At this point, Amber20-up0 has some advantage over the old version only if V100 is used explicitly (jobtype=gpuv) or you want to use newly introduced function in Amber20.
Otherwise, Amber18-bf16 might be better. (Performance of Amber20 will be improved by the future pacth releases.)



  • pmemd.MPI tested on DHF system
    • pmemd.MPI built with Intel compiler is apparently faster than that built with GCC. There are no significant differences in performance of intel17 and intel19 builds.
    • GCC versions 6-8 show similar performance. However, 4.8 build is slower than the others (versions 6-8 from scl).



  • MPI+OpenMP CPU version of pmemd was skipped.
  • "update_amber" failed when system python (python2) was used. We thus employed amber miniconda version of python upon running "update_amber".

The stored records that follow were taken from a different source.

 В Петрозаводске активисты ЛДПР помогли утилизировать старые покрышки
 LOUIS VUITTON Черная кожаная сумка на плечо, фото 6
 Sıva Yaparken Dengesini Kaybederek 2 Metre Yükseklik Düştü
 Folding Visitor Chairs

    • system python3 works fine
    • python2 of anaconda2-2019Jul works fine
  • GCC-8 + cuda version failed on GB tests. First step of GB energy (EGB) is wrong. Dynamics after the first step seems to be influenced.
    • GCC-6 and GCC-7 are free from this problem. (GCC 4.8.5 may also be free from this issue.)

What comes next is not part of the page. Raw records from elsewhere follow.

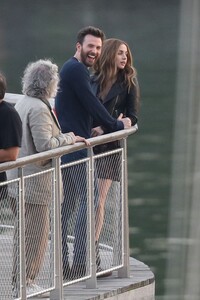 ana-de-armas-and-chris-evans-kissing-on-the-set-of-ghosted-in-washington-05-05-2022-4.thumb.jpg.45e8a19751dfa15f132944b7eec5ab37.jpg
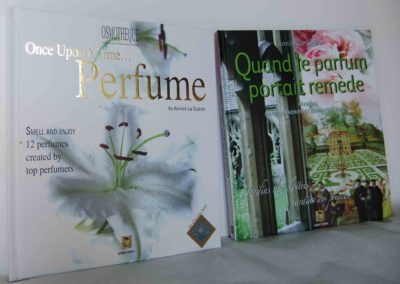 12 parfums de grands créateurs encapsulés dans un livre olfactif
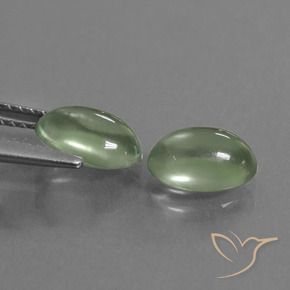 Gemas de Prehnite Verde amarillento natural de 2.63 ct, Ovalada, Transparente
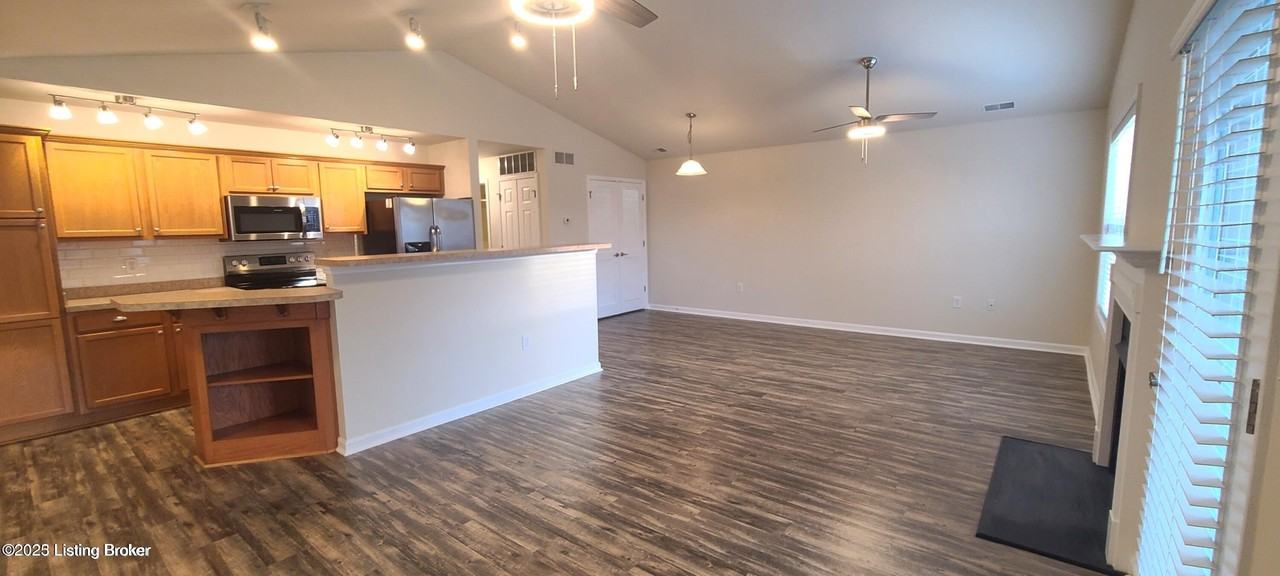 6503 Brook Bend Way Unit 223 - Photo 5 of 25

  • GPU version of GAMD failed. (both on serial and parallel; not always?)
    • Log lines such as GAMD   = ************** appear. Or the value becomes strangely 0.0.
    • So far this does not depend on GCC version.
    • The reproducibility is not 100%? Other energies are not affected significantly. Therefore, the dynamics itself is not affected?
      • There might be syncing bug on CPU and GPU buffers? Or there might be problem upon reduction of the value? I dunno.
  • CPU version with Intel compiler (tested on 17u8, 19u5) failed on test/dhfr bussi test (ntt=11; Bussi thermostat) with numerical error. Kinetic energy at 2nd step is apparently wrong.
    • This may imply thermostat function is completely miscompiled. We thus decided to avoid intel compiler.
  • gcc7+mkl17 and intel17(+mkl)+gcc7 version failed on nab test with numerical error. I couldn't judge the importance of this error, though. (due to intel17 mkl?)
    • intel19(+mkl)+gcc8 version can pass nab test. However, intel19 version met strange "Program error"s in other tests. We thus avoided intel19.
    • gcc7 without mkl does not suffer from this issue.